MDIA2002 – Step 1, Views Journalism analysis 2 (Assignment 4)
BY: RYAN MAHON
Briefly indicate the general subject area of the items you plan to cover and indicate, as best you can at this stage.
The topic that I am proposing to cover in this assignment is the current public conversation around the constitutional recognition of Aboriginal and Torres Strait Islander people as Australia’s first people in the Australian Constitution.
There have been numerous articles and opinion pieces, which have both supported and critiqued the notion of constitutional recognition. Some articles assert that Constitutional recognition will result in a new range of court cases on native title and other articles have critiqued the consultation community with local stakeholders. I believe that Constitutional recognition would fall within the criteria for this assignment for the following reasons:
- Items of the following politics related topics:
- The policies of political parties.
- Political protest and/or activist campaigns.
- The performance, character or popularity of politicians and/or political parties (As there have been numerous opinion pieces published by Australian newspapers and publications both praising and critiquing the government’s plan to address the issue of constitutional recognition).
If you anticipate you will be focusing on just a few items – i.e. four or fewer, provide links if possible to this material and very briefly describe their content.

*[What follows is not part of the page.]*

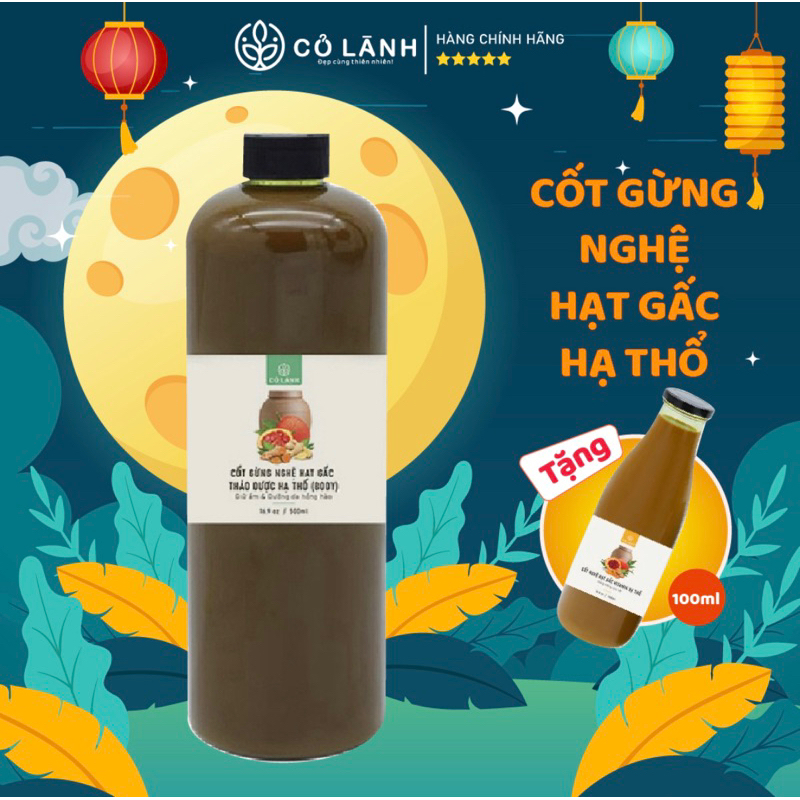 Cốt gừng nghệ gấc hạ thổ body 1000ml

The articles that I anticipate to cover include:
- Article one: “It’s time for governments and Indigenous people to talk” by Jackie Huggins.
- Acknowledges that there is still a long way to-go when thinking about Indigenous rights.
- The primary claim is that it is the responsibility of the government to represent the views of people that elected them.
- The government needs to open up a dialogue with Indigenous Australians and move beyond rhetoric.
- Article two: “Australia needs a treaty and constitutional recognition for Indigenous People” by George Williams.
- The article argues that in order for Australia to move forward and progress as a nation, we need to recognize Indigenous Australians constitutionally
- Article three: “Indigenous recognition deserves serious debate, Andrew Bolt shouldn’t be a part of it” by Paul Daley.
- Against the person argument as Paul Daley is criticizing political commentators who are opposed to recognition.
- By doing this, the author hopes to undermine the arguments of these commentators by lowering the status of these people in the eyes of the readership.
- The article calls for an open and thorough debate the includes wider community input and consultation.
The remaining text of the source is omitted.